その後、Firefox 3の公開に伴い、Firefoxのダウンロード状況を視覚化、また日本に特化した形でFirefox 3の灯を公開しました。Firefox 3公開当時は、その光だけで日本の輪郭が浮き上がるほどにさまざまな場所で多数のダウンロードがされていることがわかりました。

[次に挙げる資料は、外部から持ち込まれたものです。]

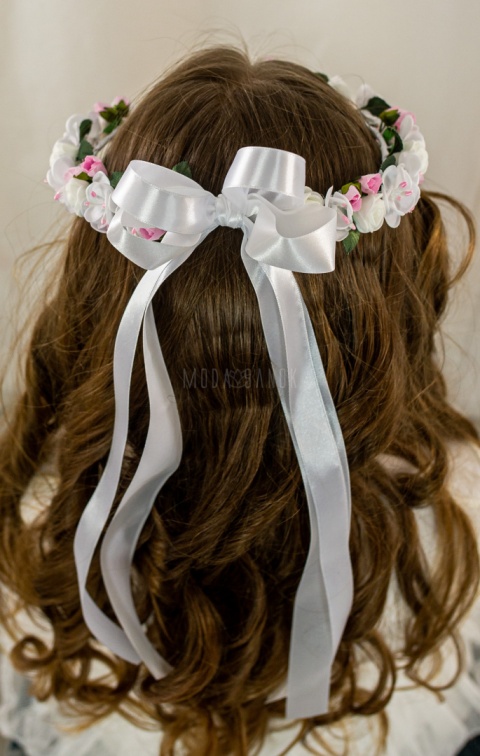 Wianek komunijny dziewczęcy delikatny w biało różowe kwiatuszki z zielonymi listkami MODA SANOK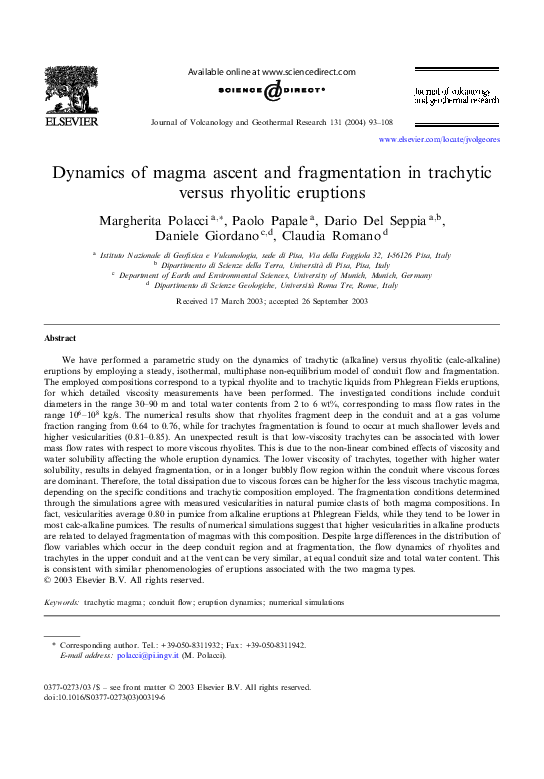 (PDF) Dynamics of magma ascent and fragmentation in trachytic versus ...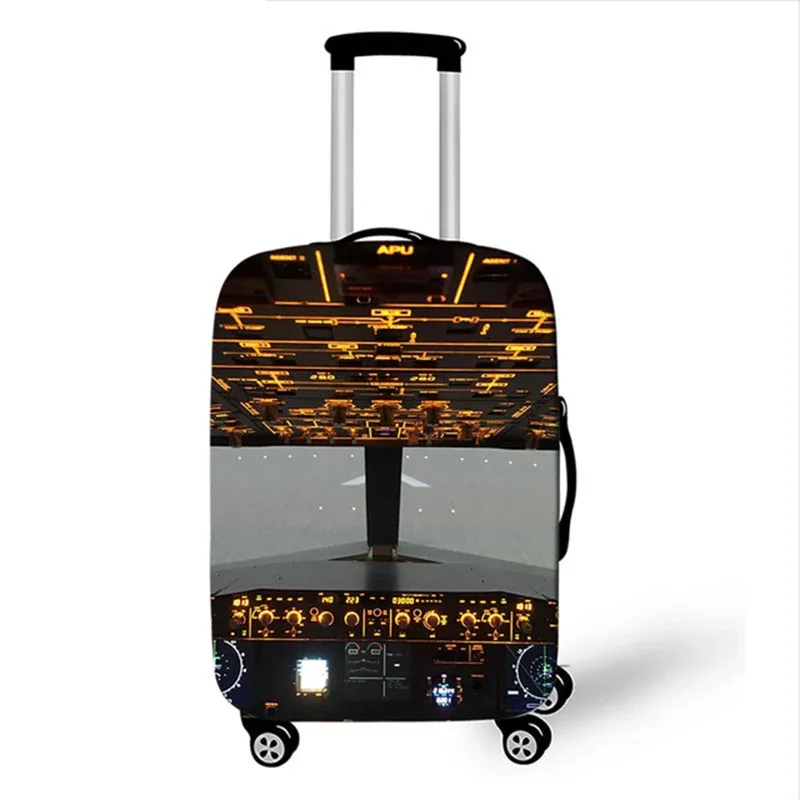 juste de valise de voyage 3d en tissu élastique, housse de protection pour bagages, housse épaisse pour valise à roulettes, accessoire de voyage, avion, 18-32 pouces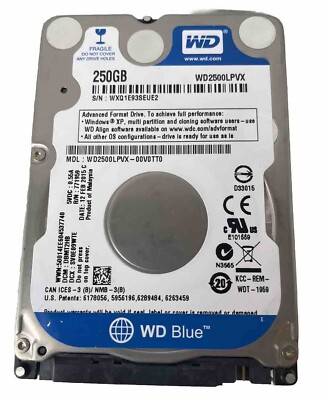 Western Digital Blue WD2500LPVX-00V0TT0 DCM:DBMT2HB 250GB 2.5'' Sata hard drive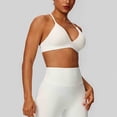 thumbnail image 5 of EaskTriop Women's V Neck Strappy Sports Bras - Wireless Padded Yoga Top Seamless Deep V Neck Bralette Workout Tank Tops for Women, 5 of 6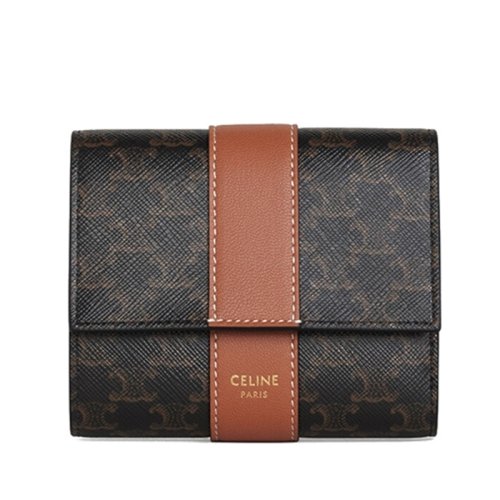 CELINE/赛琳 TRIOMPHE 女士经典款帆布和小羊皮三折钱包 10D572BZ9.04LU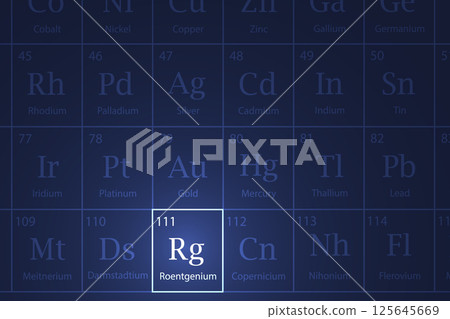 Roentgenium element glowing in a dark periodic table 125645669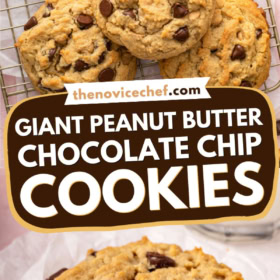 A bite taken out of a giant peanut butter chocolate chip cookie on parchment paper.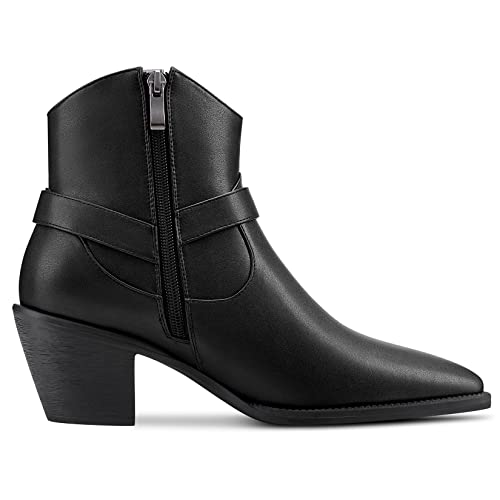 Aachcol Women Ankle Boots Short Bootie Square Toe Low Kitten Chunky Block Heel Western Cowboy Cowgirl Matte Zipper Dress Shoes Black 2.5 Inch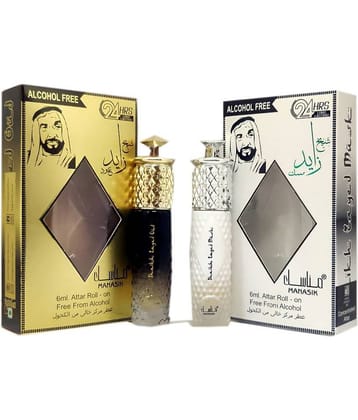 MANASIK SHAIKH ZAYED OUD &SHAIKH ZAYAD MUSK  Concentrated   Attar Roll On 6ml .  ( COMBO SET )
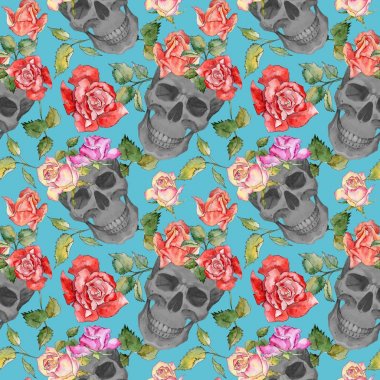 Kır çiçeği gül çiçek deseni suluboya tarzında.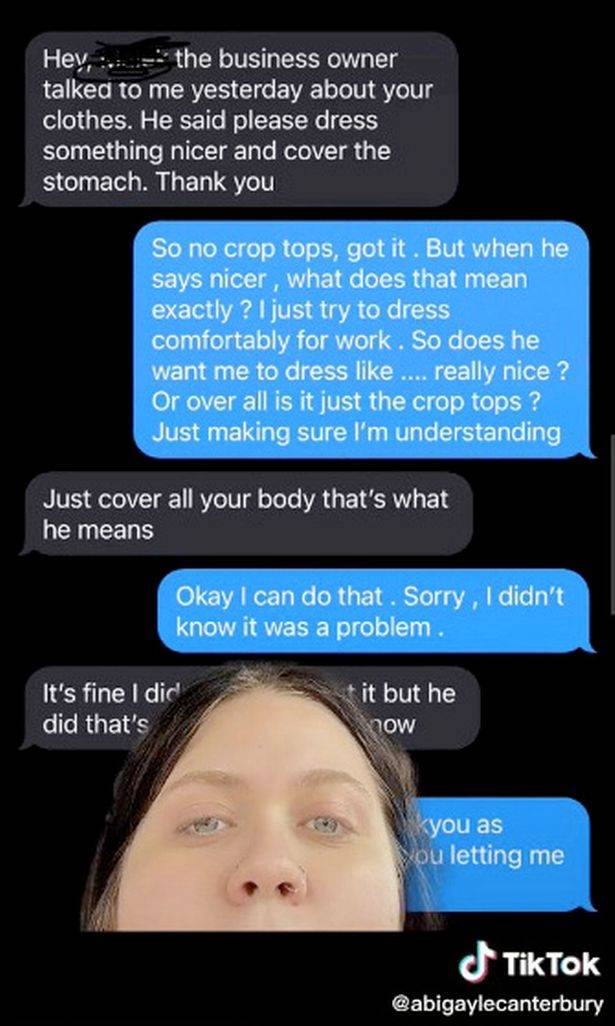 She shared part of the messages her manager sent her. Credit: TikTok/Abigayle Canterbury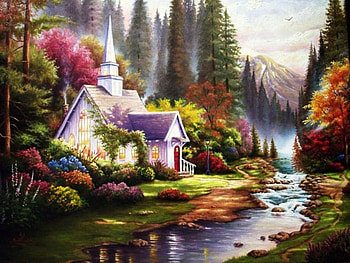 Forest Chappel, artwork, creek, trees, colors, autumn, water HD wallpaper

今回公開するWebアプリケーションFirefoxの灯は、Firefox 3の灯の拡張版として位置づけられ、現在における最新のウェブ標準技術、Firefoxで先行実装された技術、またその技術で可能となったアニメーションやサウンドなどの表現によって成り立っています。この連載では、Firefoxの灯リニューアルに伴って、アプリケーションで利用している技術的な側面を中心に沿え、解説していく予定です。
Firefoxの灯の持つ機能
まず、具体的な技術の説明に入る前に、Firefoxの灯ではどこにどのような技術が使われているかを、機能紹介をしながら簡単に説明していきます。
俯瞰ビュー
次の画像が、本アプリケーションのメイン画面となります。
この画面では、Firefoxのダウンロード状況を視覚化します。画面中央には日本地図を配置し、ダウンロードを行った際のアクセス情報からユーザーのIPアドレスを取得して大まかな位置情報を得たのち、地図上の座標系にマッピングされ、灯として表示します。色の付いた大きな灯は、直近約15秒以内にダウンロードがあったことを示します。灯の色もIPアドレスに依存し、同じIPからダウンロードした場合は同じ色の灯が出現するはずです。その後、灯は小さな白い光となって、しばらくの間瞬いています。
日本全体でのダウンロード数を知りたい時には、地図上にマウスオーバすることで左上に大きく表示されます。技術的には、日本地図にはSVGやSVG Filterを採用しています。灯の表示はProcessing.js(Canvas)とSVGの混合で描画されています。